What we cannot offer at Safe Harbor are horses that have been regularly ridden by beginners.  What we can provide is a testimonial of a horse that has been ridden once or twice by an adult beginner, or tested by an advanced rider acting like a beginner rider on how that horse responded.  We take detailed notes.  We take video.  We provide as much disclosure as we can.
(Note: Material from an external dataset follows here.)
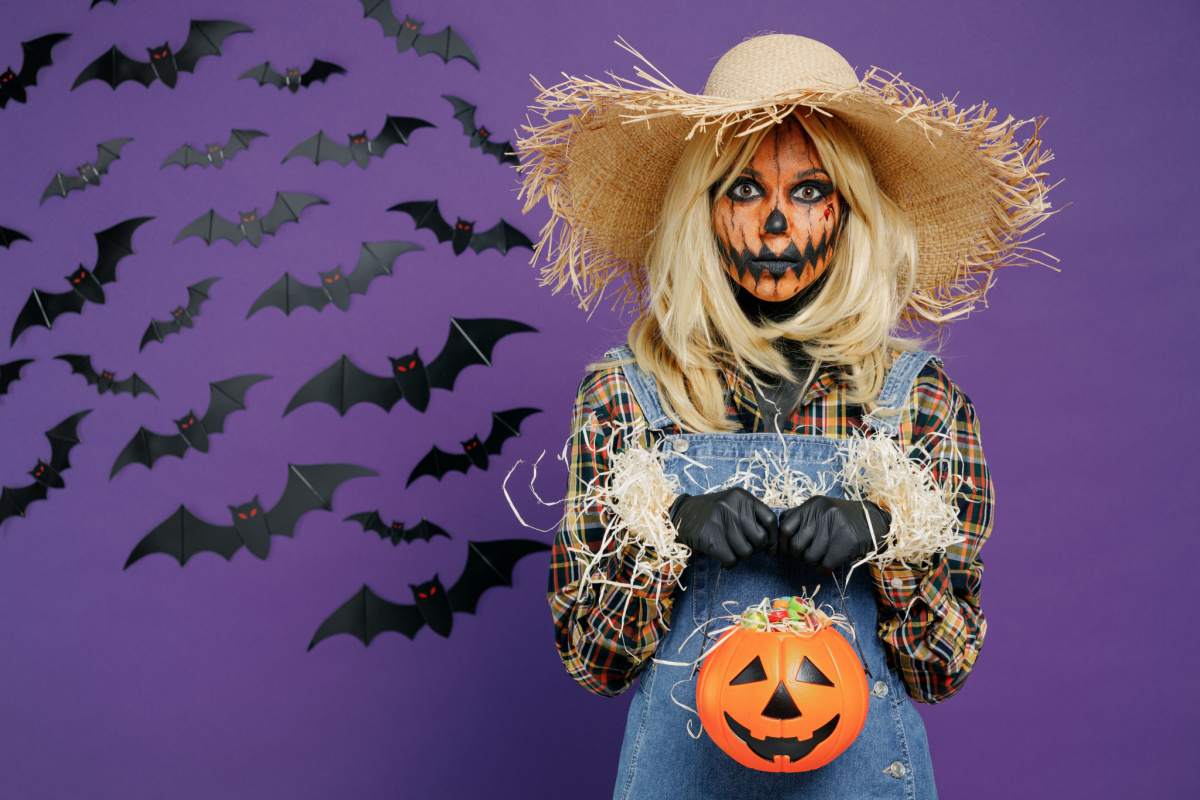 Scarecrow costume A diy scarecrow costume on a woman, consisting of denim overalls, and a plaid shirt, with straw coming out of her cuffs, and she is wearing a straw hat, with her face painted like a pumpkin, and she is holding a jack o lantern in front of a purple wall with bats.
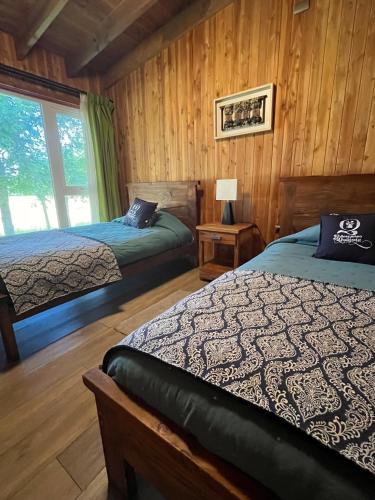two beds in a room with wooden walls at El Descanso del Quijote in Riñinahue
As a parent or new horse owner, don’t get worried when we say we don’t have kid broke horses.  Just understand what it means.  You might find out that the horse you adopted is everything you wanted without one day of additional training. We’re just not going to tell you they are because we have no way whatsoever of putting through that test.  PLAN on having a family trainer to work with you, your horse and your child.  If you are all new to horses have an experienced friend or relative ride your horse at least once a month to help work out any issues you as a beginner may be unknowingly causing (like sluggishness on lead changes, inappropriate stops at gates, etc).  And finally, have confidence that if you end up adopting a horse you are afraid of or who is just not the right personality fit, your adoption contract with Safe Harbor requires your horse to come back.  Unlike buying on the internet or from a breeder your horse can come back, and we will welcome him/her back with open arms–and continue to help you find the horse of your dreams.